* [What you will do] From the line with "George Eliot Interest" to the line with "Roxi Williams, la", output every line below exactly, both ends included. Skip the pictures.

(Crawled caption data)
----
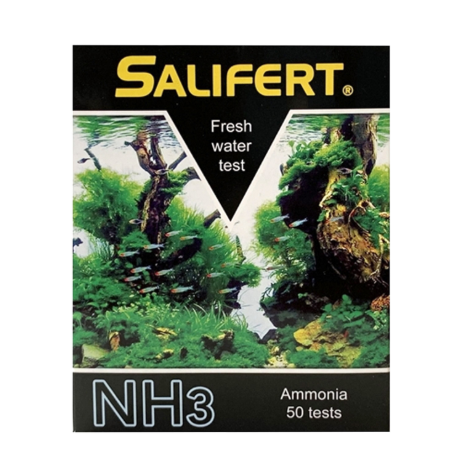Salifert Kit de Test d'Ammoniac d'Eau Douce
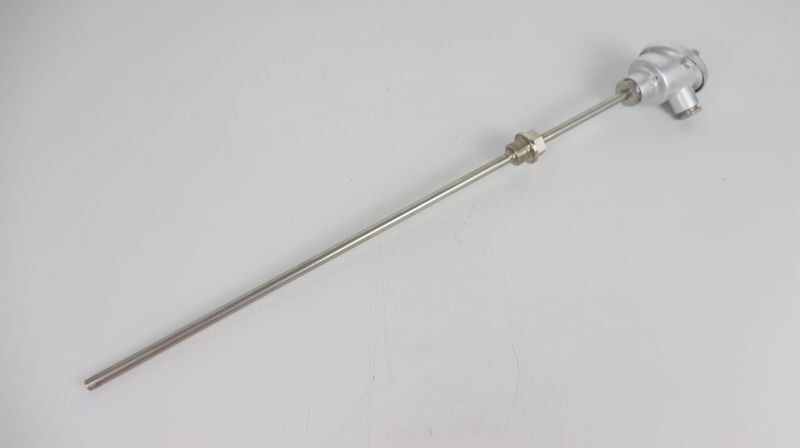 Jumo 2xpt100 902002/10 Widerstandsthermometer Top Zustand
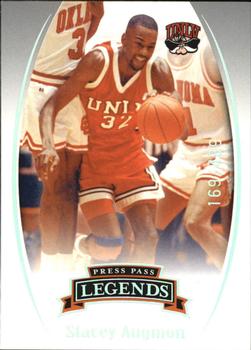 2007-08 Press Pass Legends - Silver #61 Stacey Augmon Front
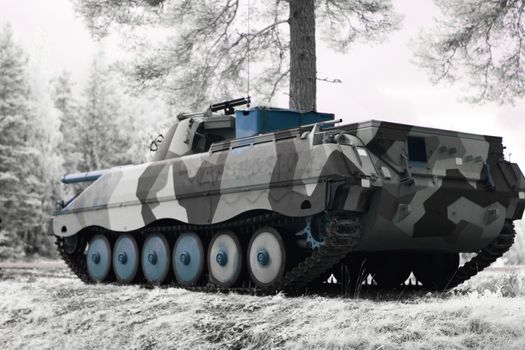 Swedish tank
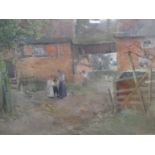 George Eliot Interest - Patty Townsend Johnson - Possibly South Farm, Arbury Estate, (birthplace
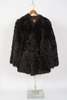 Zimmermann Luminosity Shearling Jacket - Chocolate - Thumbnail 1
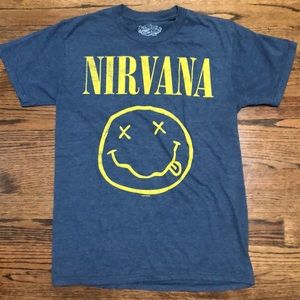 six fifty one nirvana shirt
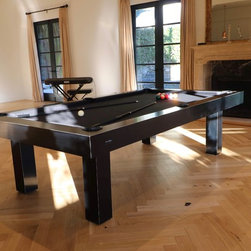 Malibu Luxury Custom Pool Table - Game Tables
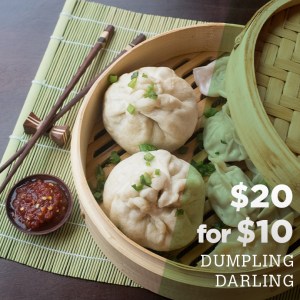 $20 Dumpling Darling gift card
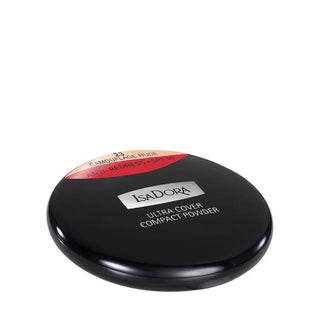 IsaDora Ultra Cover Anti-Redness Compact Powder SPF20 10g Shade: 23 Camouflage Nude
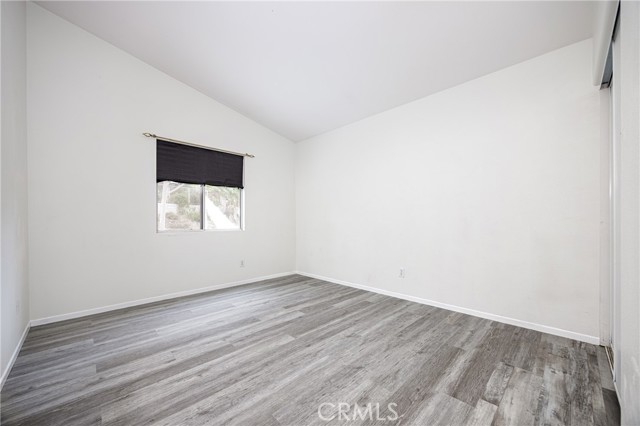 Third Bedroom with new laminate flooring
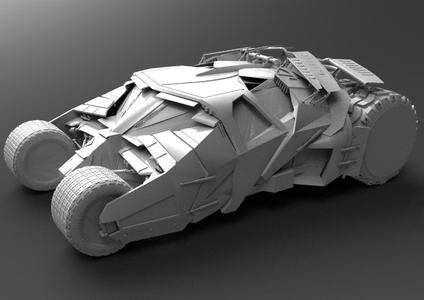 BATMAN Tumbler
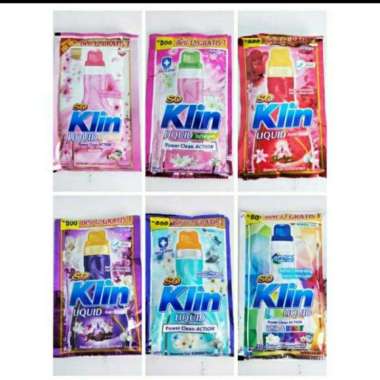 Soklin Liquid Soklin Cair Soklin Liquid Renceng Sachet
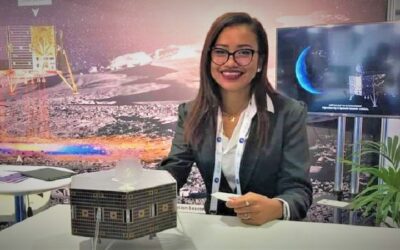 Roxi Williams, la caribeña aficionada del espacio que sueña ir a la luna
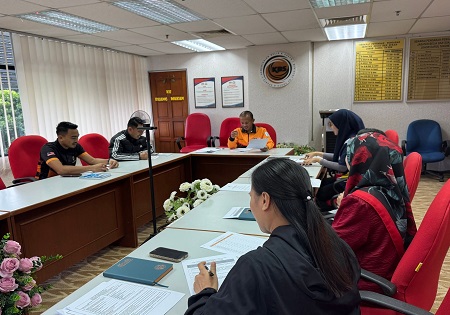 MESYUARAT JAWATANKUASA PEMILIHAN RAKAN STRATEGIK (JPRS) PERUNTUKAN BANTUAN (OS42000) PROFIL, JABATAN BELIA DAN SUKAN NEGERI JOHOR BAGI BIL. 6/2026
----
* [Result]
 George Eliot Interest - Patty Townsend Johnson - Possibly South Farm, Arbury Estate, (birthplace
 Zimmermann Luminosity Shearling Jacket - Chocolate - Thumbnail 1
 six fifty one nirvana shirt
 Malibu Luxury Custom Pool Table - Game Tables
 $20 Dumpling Darling gift card
 IsaDora Ultra Cover Anti-Redness Compact Powder SPF20 10g Shade: 23 Camouflage Nude
 Third Bedroom with new laminate flooring
 BATMAN Tumbler
 Soklin Liquid Soklin Cair Soklin Liquid Renceng Sachet
 Roxi Williams, la caribeña aficionada del espacio que sueña ir a la luna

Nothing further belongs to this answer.